Most polls indicate that more than ten mandates’ worth of soft-right voters, who in the 2022 elections mostly voted for Prime Minister Benjamin Netanyahu and his Likud Party, seek to vote for another right-wing alternative.
The Netanyahu bloc fears a scenario in which former prime minister Naftali Bennett, who currently receives twenty seats in the polls and thus serves as a “parking lot” for those “parked” voters, will once again use the votes of right-wing voters to form a government with the Left and the Arabs. In order to prevent this, the option of establishing a new right-wing party was raised. The idea is that the new party will be composed of figures who were not directly or indirectly involved in the failure of October 7. This will help “drink” Bennett’s votes and ensure a victory of the right-wing bloc in the 2026 elections.
However, past experience shows that while new right-wing parties were founded with the hope of significant electoral success, they ended in major failure at the ballot box. The first attempt to establish a right-wing party competing with Likud was in 1979. Following their opposition to the handover of Sinai territories to Egypt as part of the Israeli-Egyptian peace agreement, Likud defectors founded the Tehiya Party. But it achieved the disappointing result of only three seats in the 1981 elections.
In the 1988 elections, there were already three right-wing parties competing with Likud: Besides Tehiya, these were Moledet, led by Rehavam Ze’evi, which called for the voluntary transfer of Arabs from Israel and the territories, and Tzomet, led by former Chief of staff Rafael Eitan, which sought to gain the support of secular right-wing voters. But even then, the result was disappointing.

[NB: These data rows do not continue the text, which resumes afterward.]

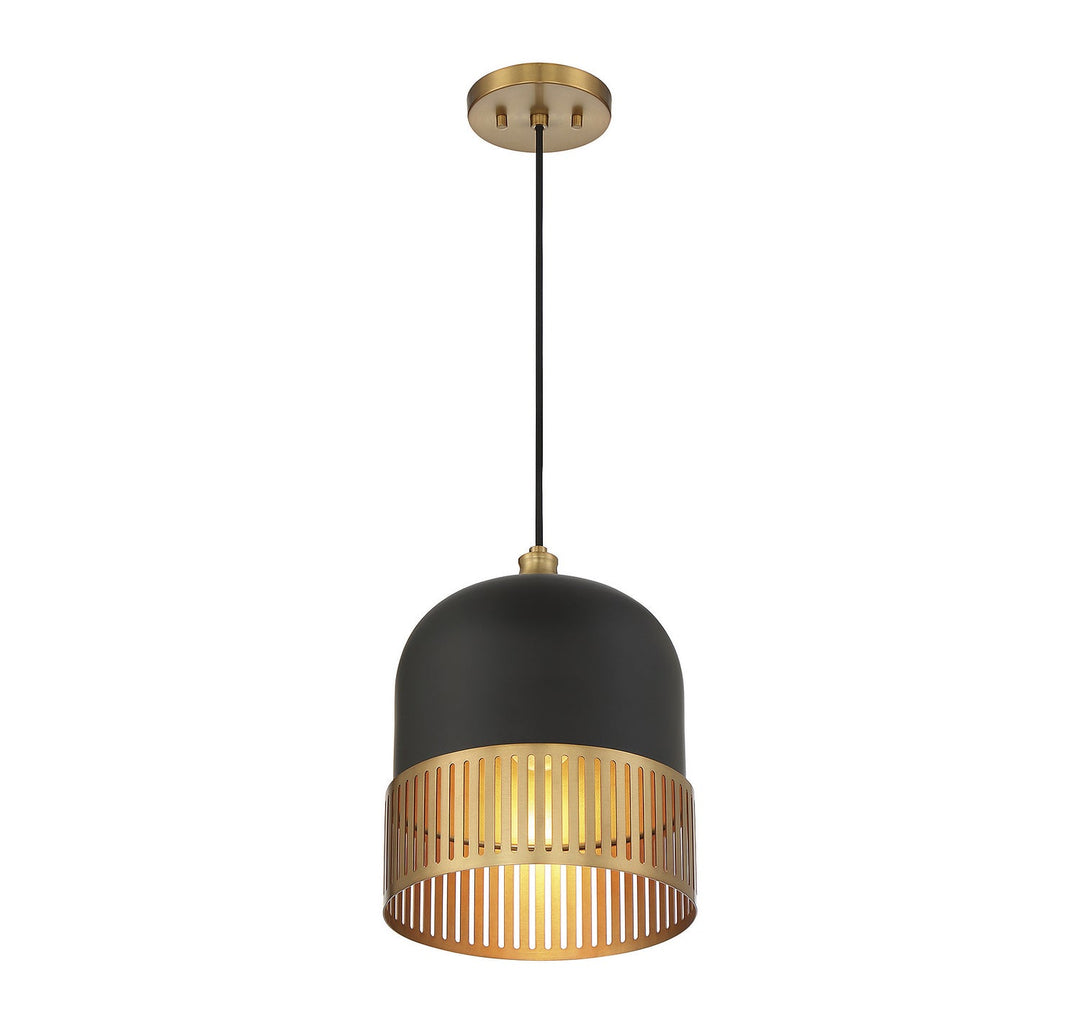 Savoy House Eclipse 7-1810-1-143 Pendant Light - Matte Black with Warm Brass Accents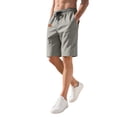thumbnail image 3 of Men's Drawstring Pockets Elastic Waist Shorts for Casual Beach Gray L, 3 of 9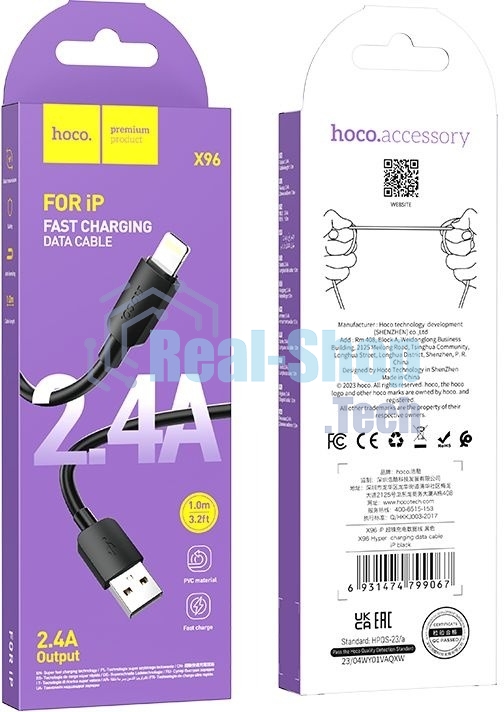 Кабель Hoco X96 Hyper iP USB (m)-Lightning (m) 1м черный коробка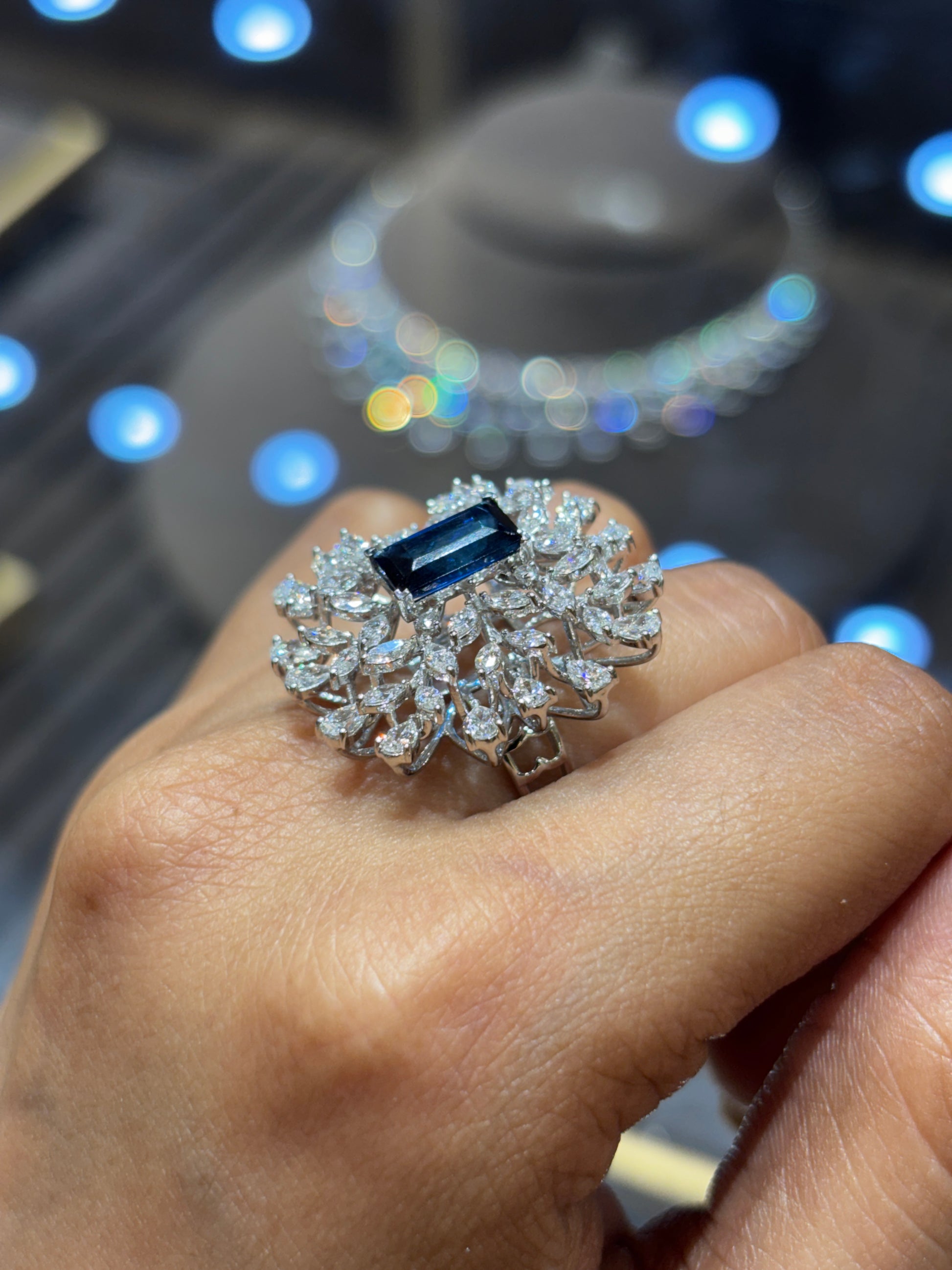 Round Lab Diamond Cocktail Ring in 14K White Gold - Evressa by Fiona Diamonds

Tehiya won three seats, while Moledet and Tzomet won two each.
Later, in the 1992 elections, while Tehiya came to the end of its political career after failing to pass the threshold, and Moledet strengthened slightly to three seats, it was the Tzomet Party that surprised with eight seats.
Attempts to challenge Likud at the elections
Another attempt to establish a right-wing party to challenge the Likud was in the 1999 elections. Likud and Mafdal defectors led by Benny Begin, who opposed the Netanyahu government’s decision to sign the Hebron Agreement and the Wye Memorandum, established the National Union Party. This time, expectations were also high, but on the ballot, the result was again disappointing with only four seats.
The conclusion was that the Likud could not be challenged from the right side of the political spectrum, but only from the opposite direction.
The establishment of the centrist Kadima Party in the 2006 elections by Ariel Sharon and almost half of the members of the Likud faction illustrated this well. The new party managed to take many votes from Likud voters in the 2003 elections. Kadima won 29 seats, while the Likud collapsed from 38 seats to only 12. However, in the 2009 elections, right-wing voters returned to Likud, which rose to 27 seats, while Kadima, led by Tzipi Livni, was based mainly on center-left voters.
The last two politicians who tried to challenge Netanyahu and the Likud were Bennett and Gideon Sa’ar. At certain moments, it seemed that they might be a governing alternative to Netanyahu and the Likud, but at the ballot box the result was again disappointing. After leading the religious Zionist camp for two election campaigns (2013 and 2015), Bennett tried his luck by founding the New Right Party (which later changed its name to Yamina). But the new party was 1,500 votes short of passing the threshold in the 2019 elections.
Later, during the COVID-19 crisis, Bennett’s reputation rose, as he was perceived by the Israeli public as the most prominent critic of the Netanyahu-Gantz government’s policies. In October 2020, polls predicted that Bennett and Yamina would win 23 seats, only three fewer than Netanyahu and the Likud.
Yet, Bennett’s rise in the polls was quickly damaged when, in early December, Sa’ar announced the establishment of the new right-wing party, New Hope. It initially received 18 seats, mainly at the expense of Yamina, which crashed to 13. However, in the 2021 elections, the result was very disappointing for both: Bennett won only seven seats, while Sa’ar received only six.
However, despite the disappointment at the ballot box, the two took solace in the fact that they managed to send Netanyahu and the right-wing parties into opposition for a short time. If it weren’t for the support of both Yamina and New Hope, a government would not have been formed with the center-left parties and Ra’am, in which Bennett served as prime minister and Sa’ar as justice minister.
In conclusion, many have tried unsuccessfully to challenge Netanyahu and the Likud from the Right. Alongside unifying the religious Zionist parties and preventing the loss of votes in the right-wing bloc, the goal now needs to be more modest. The main goal of the new right-wing party will be to take voters from Bennett’s current electorate.
This will ensure that after the elections, the right-wing bloc will have a majority to establish a broad Zionist government without the left-wing parties and the joint Arab list.
The writer is a lecturer and research fellow at the University of South Wales, UK. He is the author of Collapse: Israeli Labor Party 1992-2024.